Sociologists and political scientists will doubtless do their research and come up with explanations for this extraordinary trend "" though South Asia is not unique. There are the Perons in Argentina, and in the United States the Bush patriarchy and the Clintons. It could be that name recognition is an important starting point in a media-hungry age, or that trust in one leader is easily transferred to his or her progeny more than to a possibly faceless alternative. Indeed, it is extraordinary that Ms Bhutto should decree in her "will" that her son would succeed her as party president, as though the party is personal property "" which, perhaps, it may well be. There could be an economic explanation as well: only someone from the family can be trusted to manage the wealth and the income that come with a successful political career. The practice of democratic politics requires a lot of money. In societies that are relatively new to it, and where institutional funding of the sort seen in some mature democracies is yet to take root, the success of a political party depends as much on charisma and ideology as the ability to sustain a virtual army of supporters. This is where the quest for personal wealth by leaders becomes important and eventually ends up in dynastic politics. It is no coincidence that parties like the CPI(M) and the BJP, which have large ideology-based cadres, don't practise dynastic politics.

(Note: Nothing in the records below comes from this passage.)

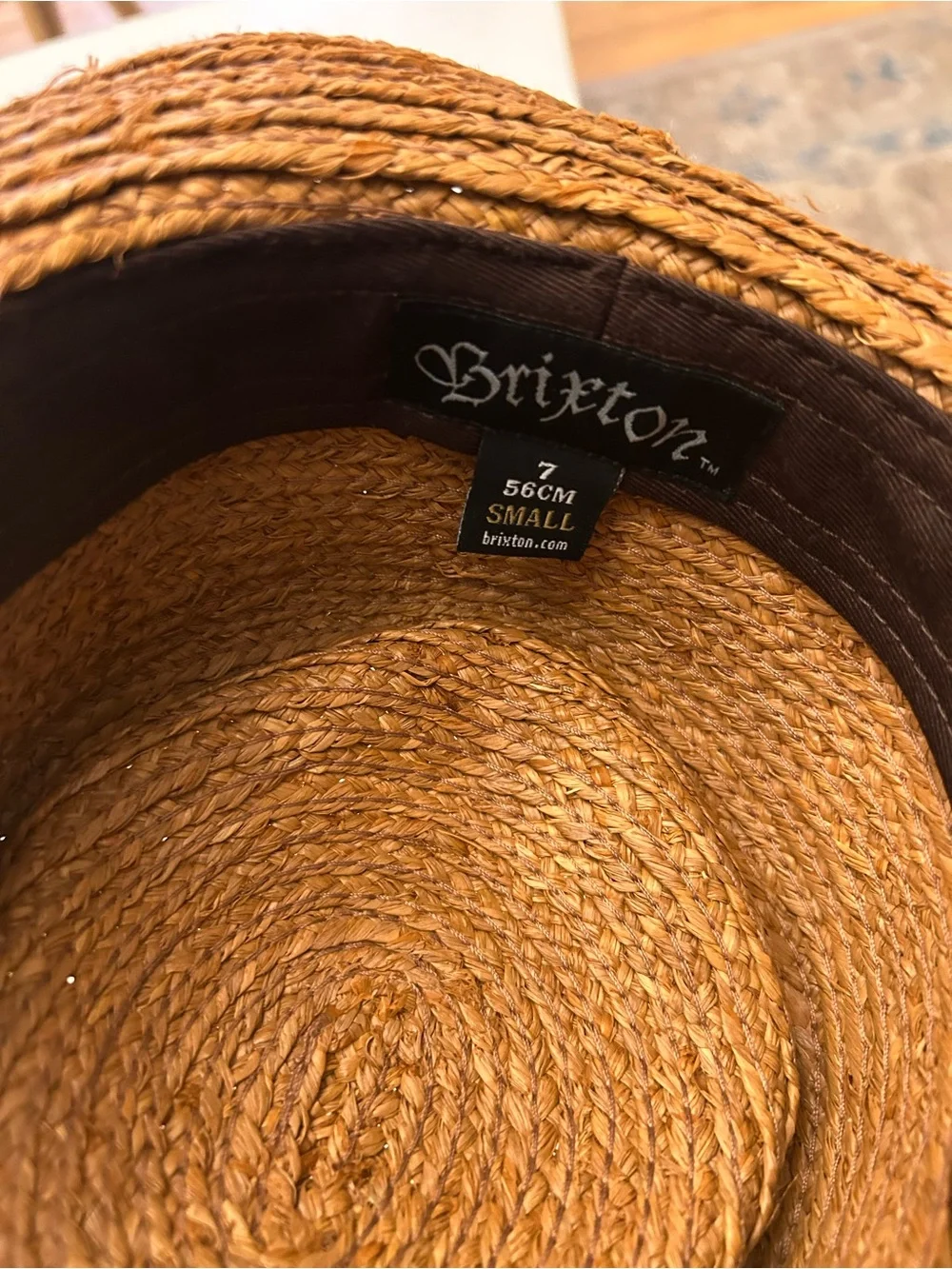 Brixton Woven Straw Hat with Black Band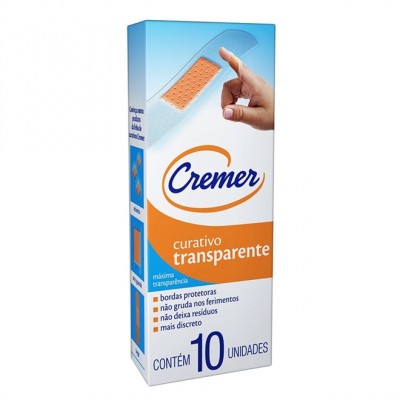 CURATIVO CREMER TRANSPARENTE 10 UNIDADES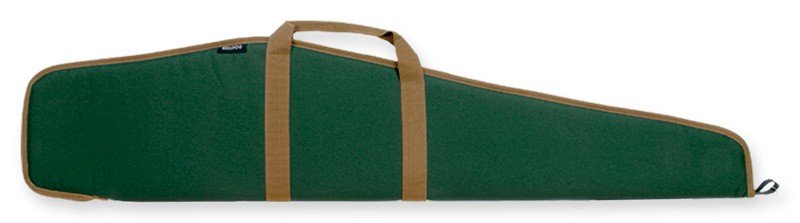BD101.jpg BULLDOG RIFLE CASE 48" GREEN - W/TAN TRIM 5/8" PADDING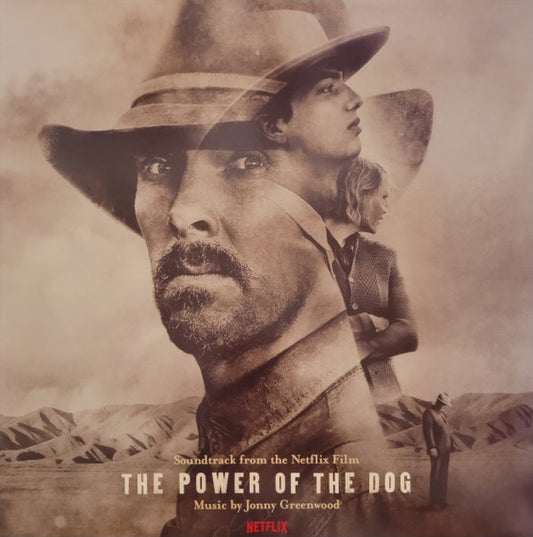 Image of Front Cover of LP - EX/VG+ - JONNY GREENWOOD, The Power Of The Dog (Invada; LSINV278LP, US 2022, Inner), Still In Opened Shrinkwrap With Hype Sticker,  - 1316754C
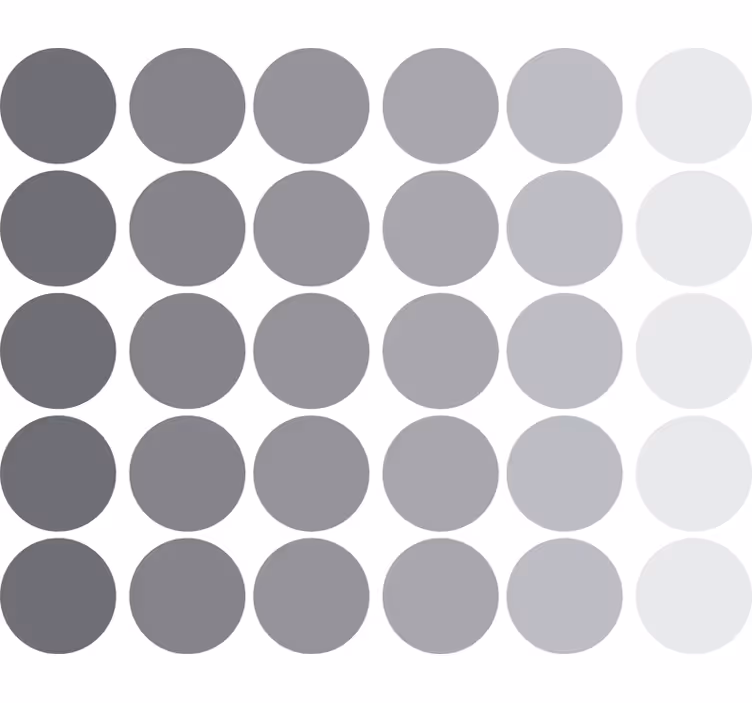 Rullegardin ungdom geometriske grå sirkler - Tenstickers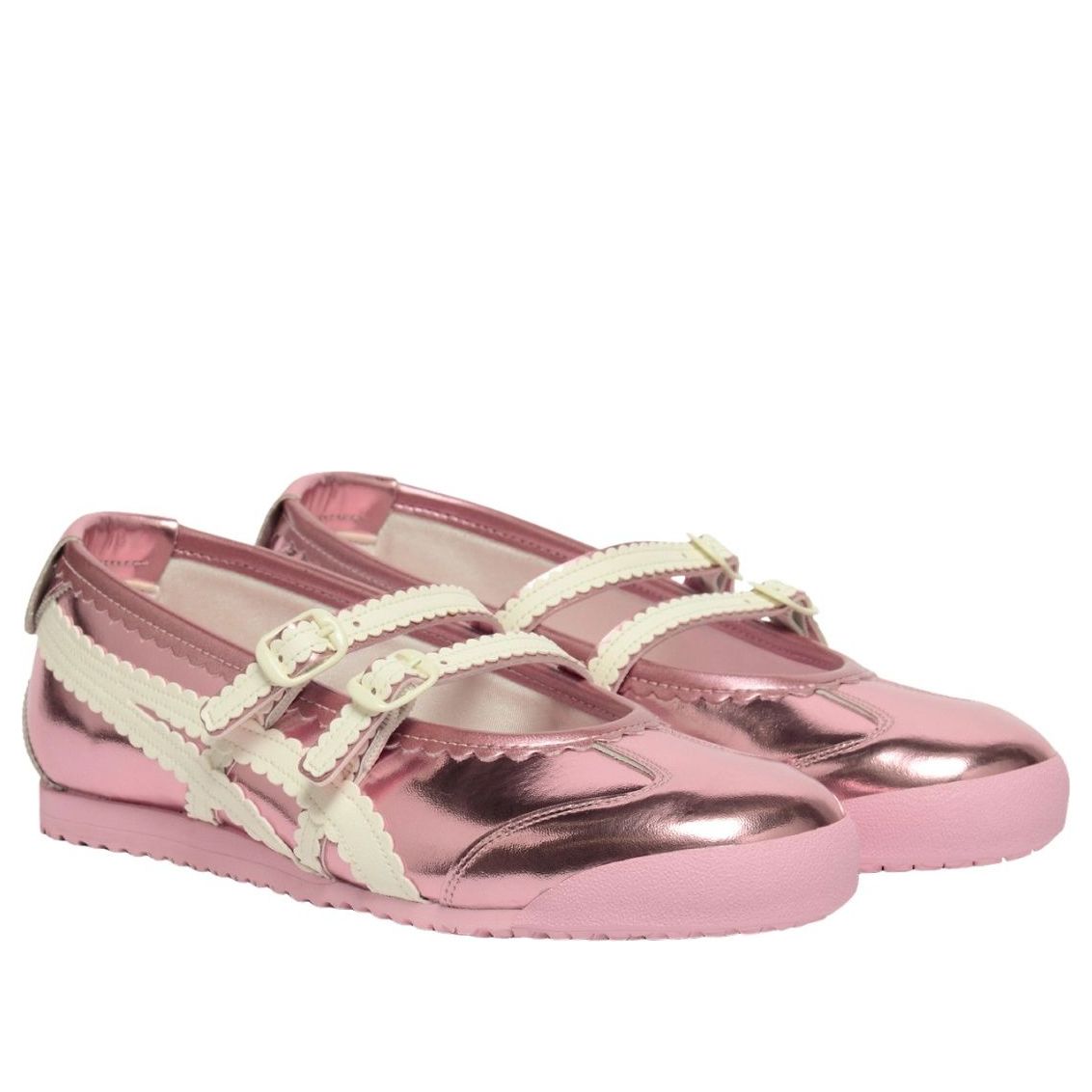 (WMNS) Onitsuka Tiger Mexico 66 TGRS 'Metallic Pack Crystal Pink Cream'  1182A708-701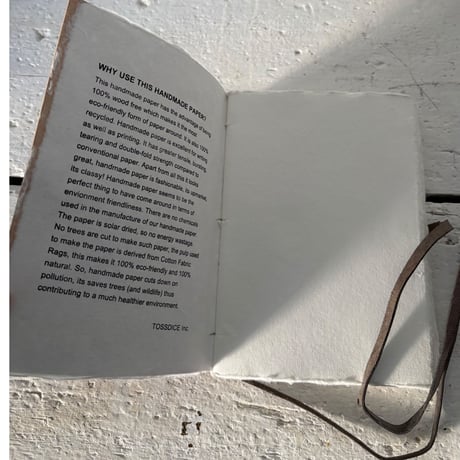 LEATHER COVERED HANDMADE PAPER NOTE GLAY
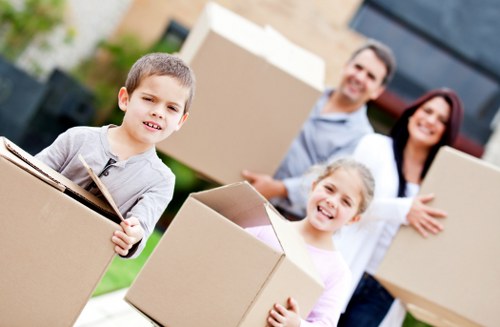 Local movers helping with a flat move in Islington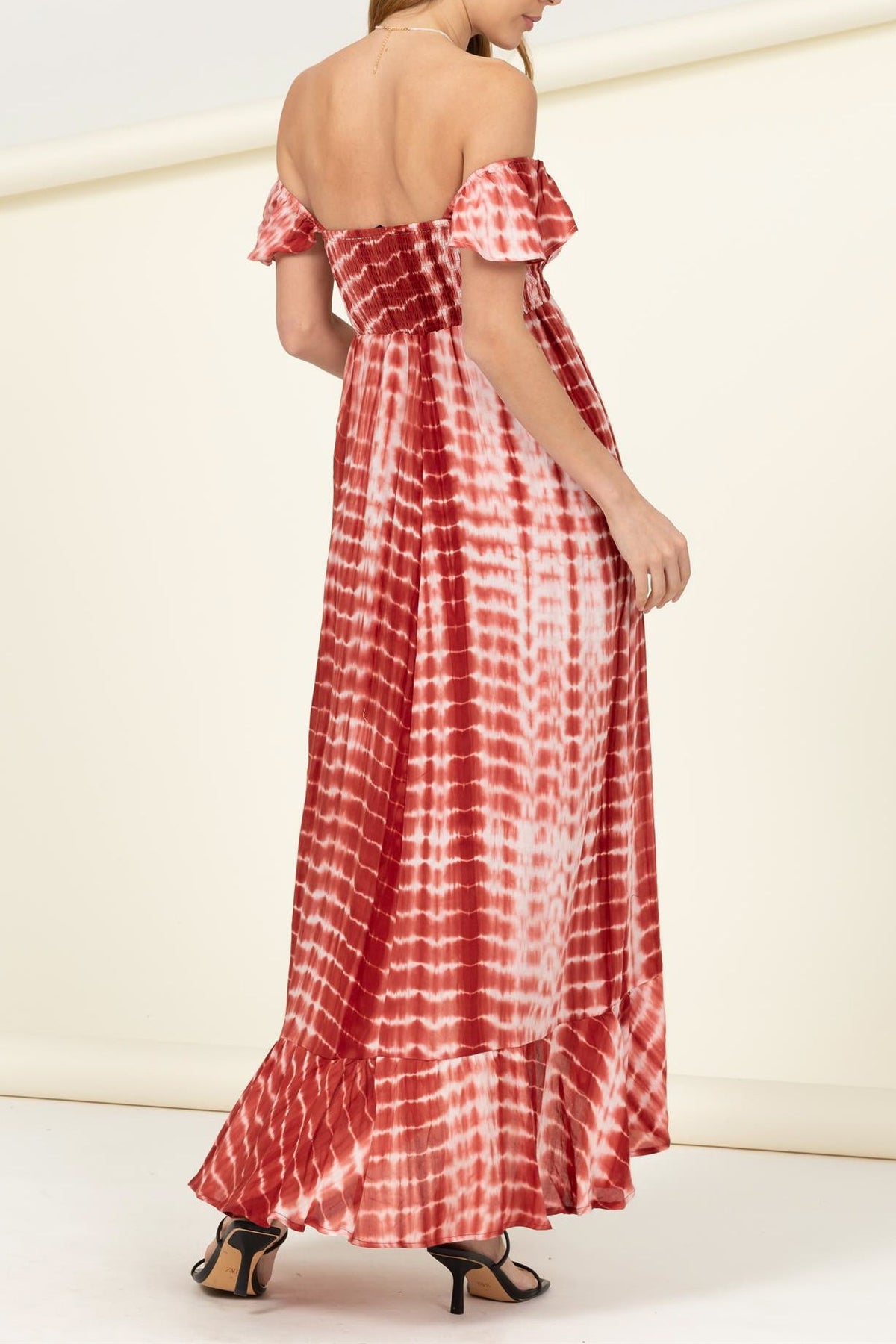 Woven Off the Shoulder Tye Dye Dress - Charming Charlie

There will be those who argue that dynastic politics is not in itself such a bad thing. Those who oppose it say that it prevents a real test of ability, and that problems with genetic succession will crop up sooner or later. Those who find it acceptable say that just because a person's parent is a major political leader, it should not be held against him or her. Whatever the case, and whether one likes it or not, in South Asia this is the age of political dynasties.